» To do:
Your output is to hold only the lines from the one showing "Top Corner Chapter" through the end of the listing, exactly, with every picture excluded.

═════ Given information ═════

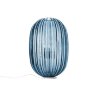 Настольная лампа Foscarini Plass media Blue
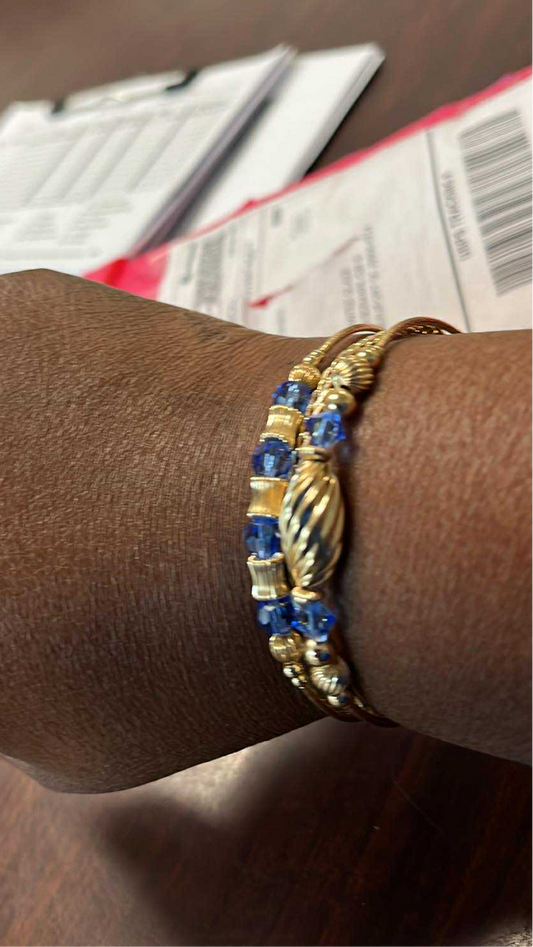 Skinny Mini Birthstone Set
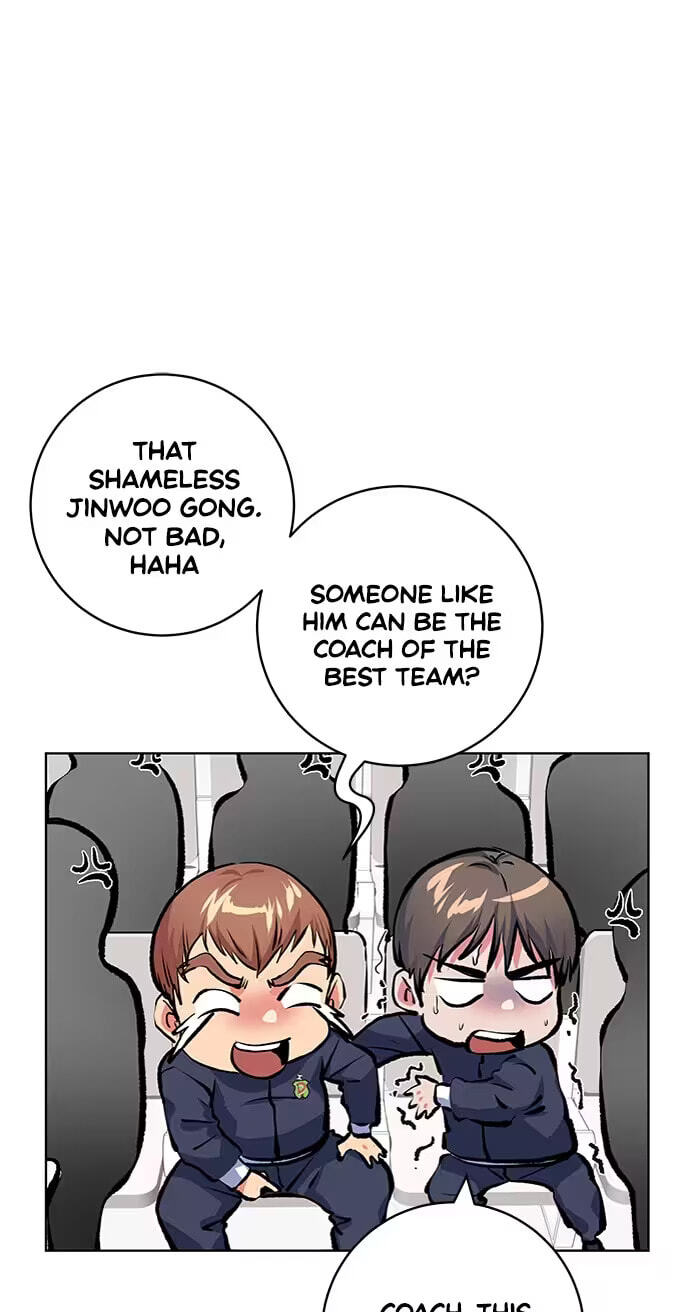 Top Corner Chapter 246 page 76 - 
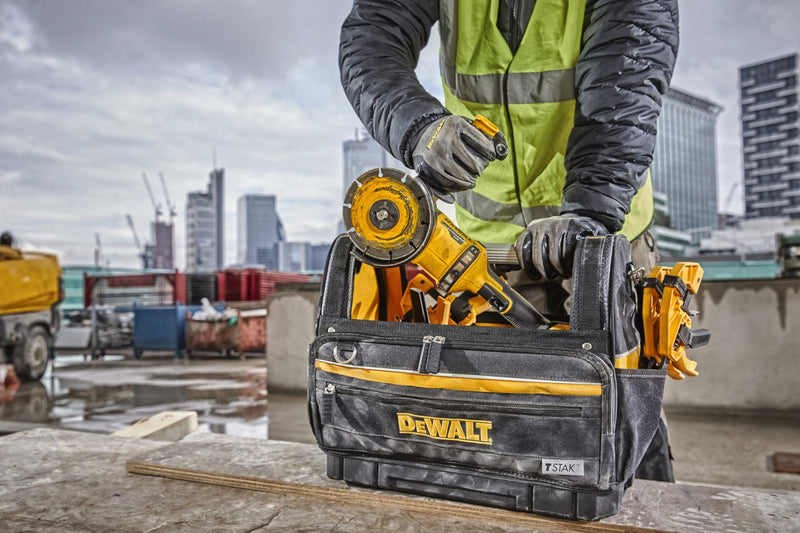 Dewalt (DWST82990-1) T STAK Soft Tool Bag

═════

» Worked solution:
 Top Corner Chapter 246 page 76 - 
 Dewalt (DWST82990-1) T STAK Soft Tool Bag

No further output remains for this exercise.